Crude Oil WTI Futures for December delivery fell 0.8% to $66.77 per barrel by 12:13 AM ET (04:13 GMT) on the New York Mercantile Exchange. Brent Oil Futures for December delivery traded 0.6% lower to $76.47 a barrel on London’s Intercontinental Exchange
Citing people with knowledge of the matter, Bloomberg reported that China National Petroleum Corp and Sinopec have been told to avoid buying Iranian oil, although the freeze on imports are expected to be only temporary, the people added.

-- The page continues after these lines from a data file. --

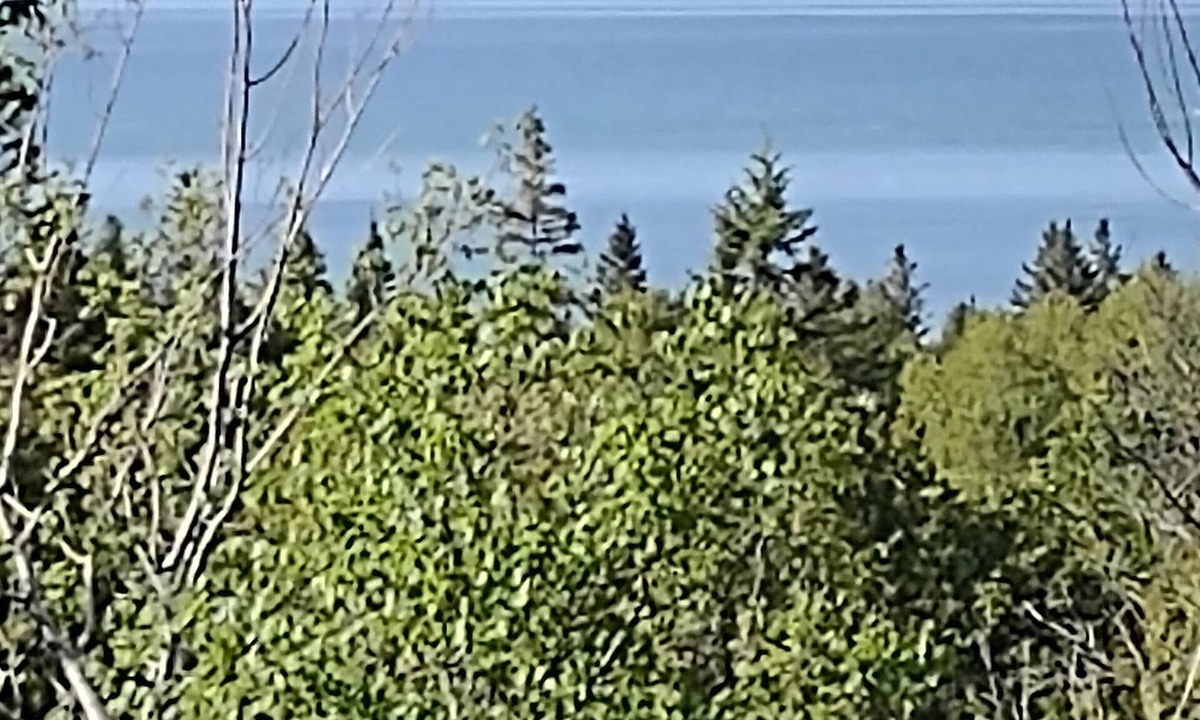 St Ignace Apartment | UP Mackinac Straits View Charming corporate apartment with WiFi by Saint Ignace.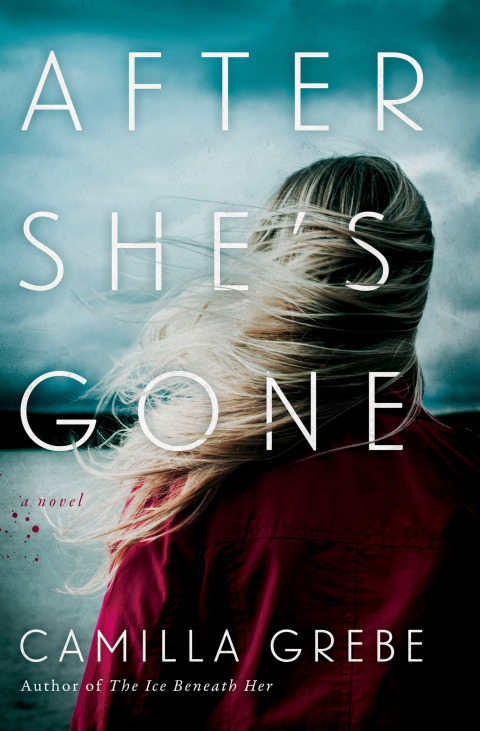 Cover image for book After She's Gone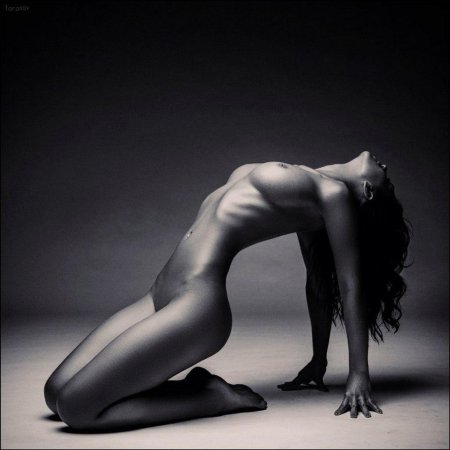 Женское тело эротика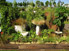 Darren Rudge: Garden Makeover Plans Thumbnail 04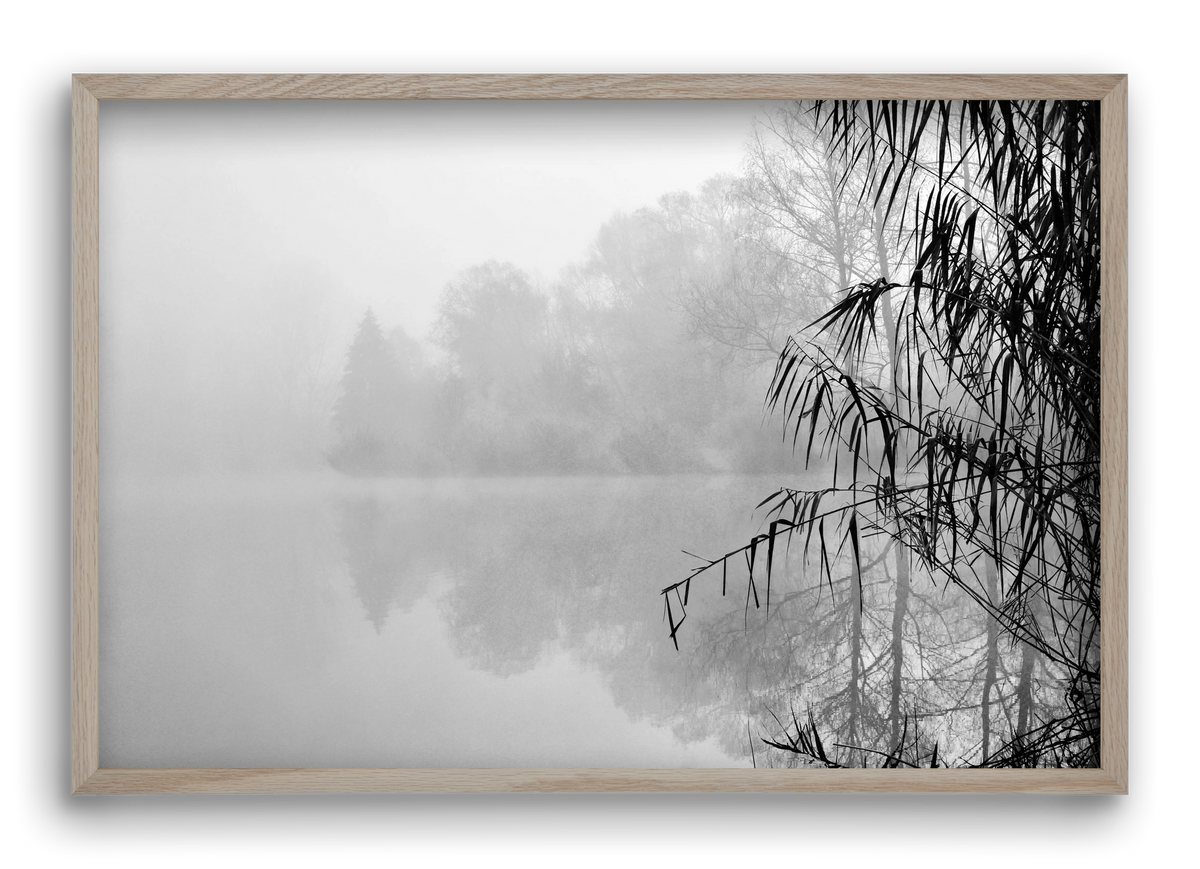 Incognito dual , 60x40 cm (60x40 cm), Tölgy keret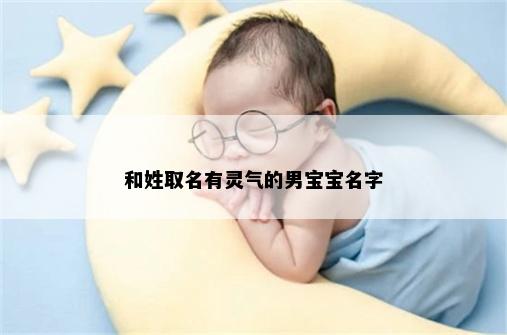 和姓取名有灵气的男宝宝名字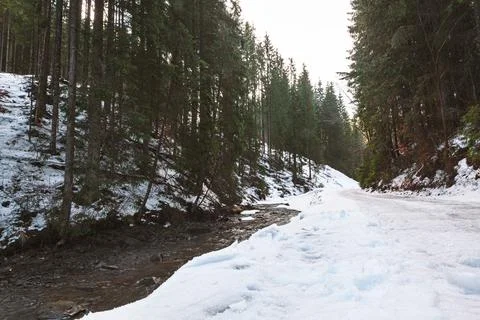 Stream winds through a snowy forest Stock-Fotos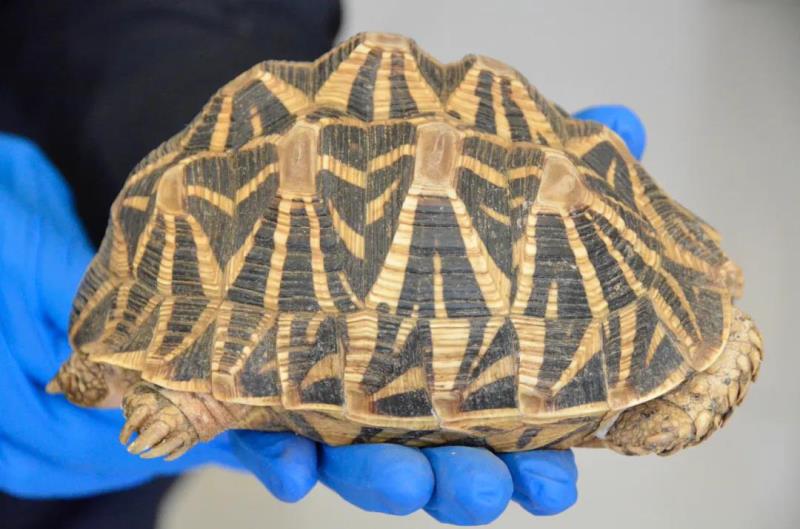 非法收购,出售珍贵,濒危野生动物案,查获国家一级保护动物印度星龟1只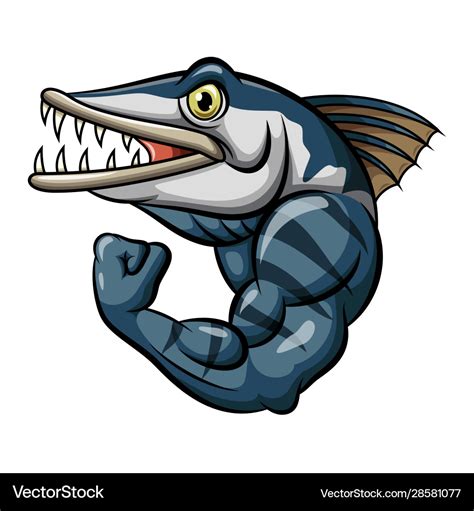 Barracuda Cartoon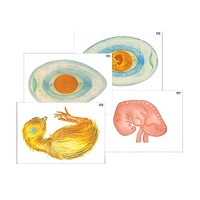 Модель-аппликация "Развитие птицы и млекопитающего (человека)" (ламинированная) - «globural.ru» - Воркута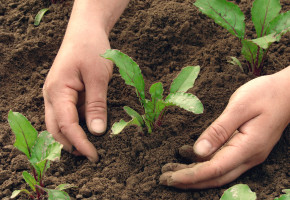 woman hands earthing beetroot sprouts close up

U.S. sanctions against Iran is scheduled to take effect from Nov. 4 and earlier reports suggested that Washington is seeking to eventually reduce Iran’s exports sales to zero and isolate the Islamic Republic.
In other news, oil prices received some support earlier in the day after OPEC signaled on Thursday it may have to return to production cuts as global inventories begin climbing, a move that may further sour its relations with U.S. President Donald Trump.
Saudi OPEC governor Adeeb Al-Aama told Reuters the oil market could be shifting towards oversupply due to a typical rise in inventories and slowing in demand in the fourth quarter.
"The market in the fourth quarter could be shifting toward an oversupply situation as evidenced by rising inventories over the past few weeks," Adeeb Al-Aama told Reuters.
Aama’s stance suggested a rethink in Saudi production strategy after Falih said earlier this week that the kingdom will pump as much crude as necessary to ensure minimum disruption to global supplies from U.S. sanctions on Iranian oil exports.